Principle 9: Business Change Is All About People
To do this, a number of factors become paramount. In addition to your communications strategy, you must support changes with appropriate roles and responsibilities, organizational structures, empowerment within accountability, aligned performance incentives, and recognition as well as personal growth opportunities. During transition, the staff must feel that an appropriate level of trustworthy communication is happening. They should feel a sense of contribution as a result of their participation.

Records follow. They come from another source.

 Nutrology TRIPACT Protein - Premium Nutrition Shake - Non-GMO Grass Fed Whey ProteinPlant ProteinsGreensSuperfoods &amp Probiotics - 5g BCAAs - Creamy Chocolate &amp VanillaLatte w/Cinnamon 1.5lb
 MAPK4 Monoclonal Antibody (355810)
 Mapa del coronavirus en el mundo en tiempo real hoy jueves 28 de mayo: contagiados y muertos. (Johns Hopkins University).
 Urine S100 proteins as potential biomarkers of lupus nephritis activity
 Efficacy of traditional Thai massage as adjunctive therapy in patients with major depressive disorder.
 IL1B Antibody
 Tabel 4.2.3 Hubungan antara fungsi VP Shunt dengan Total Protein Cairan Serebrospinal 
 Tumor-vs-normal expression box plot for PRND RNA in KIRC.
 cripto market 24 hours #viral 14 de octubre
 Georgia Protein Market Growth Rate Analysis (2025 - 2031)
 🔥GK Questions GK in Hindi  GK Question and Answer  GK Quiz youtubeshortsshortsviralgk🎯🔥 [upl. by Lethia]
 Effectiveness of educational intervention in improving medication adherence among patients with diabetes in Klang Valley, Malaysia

Principle 10: Business Change Is a Journey, Not a Destination
Two major business factors must be taken into account today: The first is that we don’t have time to get everything right, so whatever we do will have to adjust as we learn in the marketplace. Secondly, whatever we do, no matter how right, will be short-lived and have to change anyway. Consequently, we must build versatile solutions and keep our eye on what is changing to be able to adapt in the future. This essentially means that we will never arrive at the nirvana of stability but will always be getting there.
We must recognize that, at any point in time, our stakeholders will have a set of requirements that are in flux. The balance among these requirements will change as each of the stakeholders’ contributions to us change.
The ebb and flow of stakeholder and market evolution means that processes must be managed, even when they aren’t undergoing radical change. Without process stewardship, ongoing measurement, benchmarking, and constant attention to stakeholders of all types, we will fall behind through attrition. Change is required even if we simply want to maintain our current position.
Whatever we do, we must be prepared to do it again better on the next go around. Building learning feedback and knowledge distribution into processes is mandatory. Constantly gaining tacit insight before designing is key. Designing for change is essential. Acting fast isn’t a risk if we are prepared to pay attention to outcomes and adjust accordingly.